Ahwatukee Foothills artist Lyle Moultrie's idea for a clothing line called SO!Trouble, in which a portion of the proceeds would go to benefit charity organizations, came in part from the long distance relationship he maintained with the woman who eventually would become his wife.
Moultrie, 45, carried on a long-distance relationship with Fanny, from Hong Kong, for several years before he decided to move there in 2006 to teach English. Moultrie spent four years there, and the couple married. They moved back to Ahwatukee in April.
"The term ‘so trouble' kept coming up in terms of complicated, long distance relationships," said Moultrie, who holds a fine arts degree from Arizona State University and has worked in the Valley as a freelance photographer, painter and sculptor.

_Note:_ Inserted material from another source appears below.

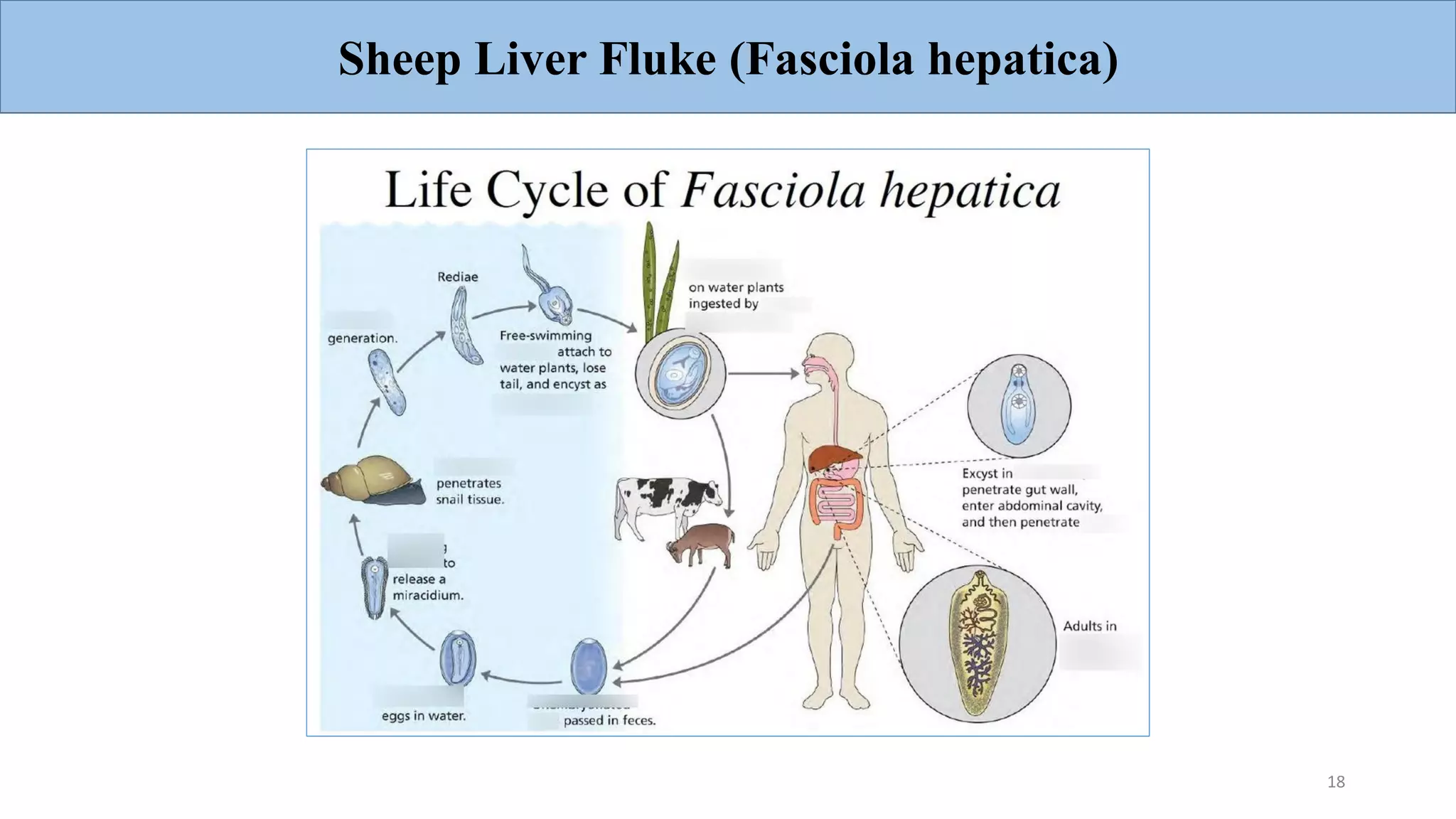 Sheep Liver Fluke (Fasciola hepatica)
18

Fanny tells the story a little differently.
"I always called him a trouble guy," she said. "So trouble, especially the one you love."
Moultrie said the phrase seemed catchy and versatile enough to lend itself to being printed on apparel. He said he's long been interested in supporting social and environmental causes.
"The variations on that sort of thing are limitless," he said. "As someone who wants to give back something, I could see the variations could possibly be popular enough to create awareness about certain things."
The business is just getting off the ground. Moultrie said he's been trying to get the word out about SO!Trouble, and he's launched a "virtual storefront" at www.sotrouble.com, where visitors can view the inventory and see which charity organizations each purchase would benefit. The plan eventually is to get the merchandise into retail establishments, as well, and to donate 5 percent of revenue to charity, he said.
"We haven't earned anything yet," Moultrie said. "We're just starting out."
So far, products for sale include hats, T-shirts and mugs with various phrases printed on them based on the SO!Trouble logo.
"The concept could be applied to almost any utilitarian item," Moultrie said.
The plan is to donate to organizations like the Association of Arizona Food Banks, the Arizona Alzheimer's Consortium, The Nature Conservancy - Arizona, the Chrysalis Center for domestic violence victims, the Arizona Boys and Girls Clubs, the Humane Society and the Red Cross, he said.